Era una especie de «indulto general»,
con el cual se permitía a todos de regresar a la situación originaria, con la
cancelación de todas las deudas, la restitución de la tierra, y la posibilidad
de gozar de nuevo de la libertad propia de los miembros del pueblo de Dios. Un
pueblo «santo», donde las prescripciones como aquella del jubileo servían para
combatir la pobreza y la desigualdad, garantizando una vida digna para todos y
una justa distribución de la tierra sobre la cual habitar y de la cual tomar el
nutrimiento. La idea central es que la tierra pertenece originalmente a
Dios y ha sido confiada a los hombres (Cfr. Gen 1,28-29), y
por eso ninguno puede atribuirse la posesión exclusiva, creando situaciones de
desigualdad.
Con el jubileo, quien se había convertido en pobre
regresaba a tener lo necesario para vivir, y quien se había hecho rico
restituía al pobre lo que le había quitado. El fin era una sociedad basada en
la igualdad y la solidaridad, donde la libertad, la tierra y el dinero se
convirtieran en un bien para todos y no solo para algunos. De hecho, el jubileo
tenía la función de ayudar al pueblo a vivir una fraternidad concreta, hecha de
ayuda recíproca. Podemos decir que el jubileo bíblico era un «jubileo de
misericordia», porque era vivido en la búsqueda sincera del bien del hermano
necesitado.
Diezmo
En la misma línea, también otras instituciones y otras
leyes gobernaban la vida del pueblo de Dios, para que se pudiera experimentar
la misericordia del Señor a través de aquella de los hombres. En esas
normas encontramos indicaciones validas también hoy, que nos hacen reflexionar.

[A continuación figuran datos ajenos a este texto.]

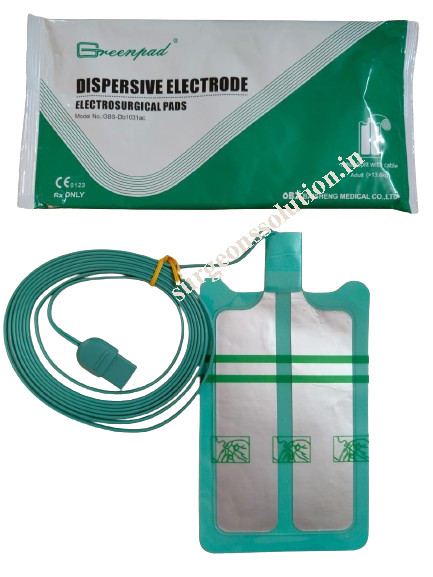 OBS Diathermy Lead Cautery Pad With Cable For Covidien ValleyLab Cautery Machine (Dispersive Electrode Electrosurgical Pads)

Por ejemplo, la ley bíblica prescribía el pago del «diezmo» que venía
destinado a los Levitas, encargados del culto, los cuales no tenían tierra,
y a los pobres, los huérfanos, las viudas (Cfr. Deut 14,22-29). Se preveía que
la décima parte de la cosecha, o de lo proveniente de otras actividades, fuera
dada a aquellos que estaban sin protección y en estado de necesidad, así favoreciendo
condiciones de relativa igualdad dentro de un pueblo en el cual todos deberían
comportarse como hermanos.
Estaba también la ley concerniente a las «primicias»,
es decir, la primera parte de la cosecha, la parte más preciosa, que debía
ser compartida con los Levitas y los extranjeros (Cfr. Deut 18, 4-5;
26,1-11), que no poseían campos, así que también para ellos la tierra fuera
fuente de nutrimiento y de vida. «La tierra es mía, y ustedes son para mí como
extranjeros y huéspedes (Lev 25,23). Somos todos huéspedes del Señor, en espera
de la patria celeste (Cfr. Heb 11,13-16; 1 Pe 2,11)», llamados a hacer habitable
y humano el mundo que nos acoge. ¡Y cuantas «primicias» quien es afortunado
podría donar a quien está en dificultad! Primicias no solo de los frutos de los
campos, sino de todo otro producto del trabajo, de los sueldos, de los ahorros,
de tantas cosas que se poseen y que a veces se desperdician.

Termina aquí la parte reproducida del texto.